Open MPI User's Mailing List Archives

  |   Home   |   Support   |   FAQ   |  

This web mail archive is frozen.

This page is part of a frozen web archive of this mailing list.

You can still navigate around this archive, but know that no new mails have been added to it since July of 2016.

Click here to be taken to the new web archives of this list; it includes all the mails that are in this frozen archive plus all new mails that have been sent to the list since it was migrated to the new archives.

From: Jonathan Underwood (jonathan.underwood_at_[hidden])
Date: 2007-06-11 19:05:37


Hi Adrian,

On 11/06/07, Adrian Knoth <adi_at_[hidden]> wrote:
> Which OMPI version?
>

1.2.2

> > $ perl -e 'die$!=110'
> > Connection timed out at -e line 1.
>
> Looks pretty much like a routing issue. Can you sniff on eth1 on the
> frontend node?
>

I don't have root access, so am afraid not.

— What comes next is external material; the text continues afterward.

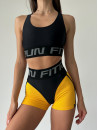 Shorts FITRUN Shorts Super Nuts "Yellow Relief"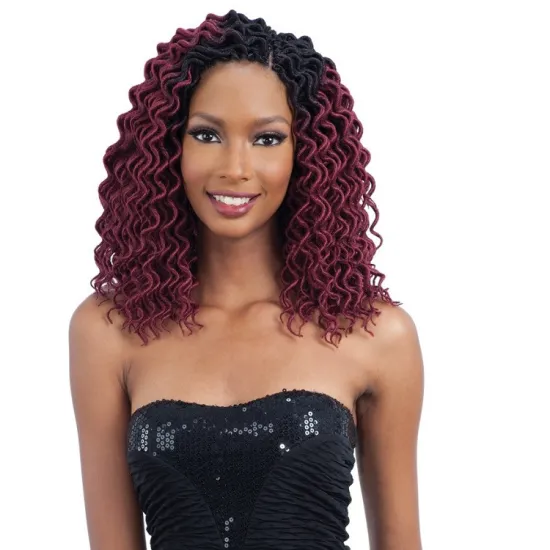 Wholesale 18 inch Curly Faux Locs Wavy Goddess Locs Crochet Hair Braids Pre looped Synthetic Hair Extension Wavy Soft Dreadlock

> > This error message occurs the first time one of the compute nodes,
> > which are on a private network, attempts to send data to the frontend
>
> > In actual fact, it seems that the error occurs the first time a
> > process on the frontend tries to send data to another process on the
> > frontend.
>
> What's the exact problem? compute-node -> frontend? I don't think you
> have two processes on the frontend node, and even if you do, they should
> use shared memory.
>
> > Any advice would be very welcome
>
> Use tcpdump and/or recompile with debug enabled. In addition, set
> WANT_PEER_DUMP in ompi/mca/btl/tcp/btl_tcp_endpoint.c to 1 (line 120)
> and recompile, thus giving you more debug output.
>
> Depending on your OMPI version, you can also add
>
> mpi_preconnect_all=1
>
> to your ~/.openmpi/mca-params.conf, by this establishing all connections
> during MPI_Init().
>

OK, will try these things.

> If nothing helps, exclude the frontend from computation.
>
>

OK.

Thanks for the suggestions!

Joanthan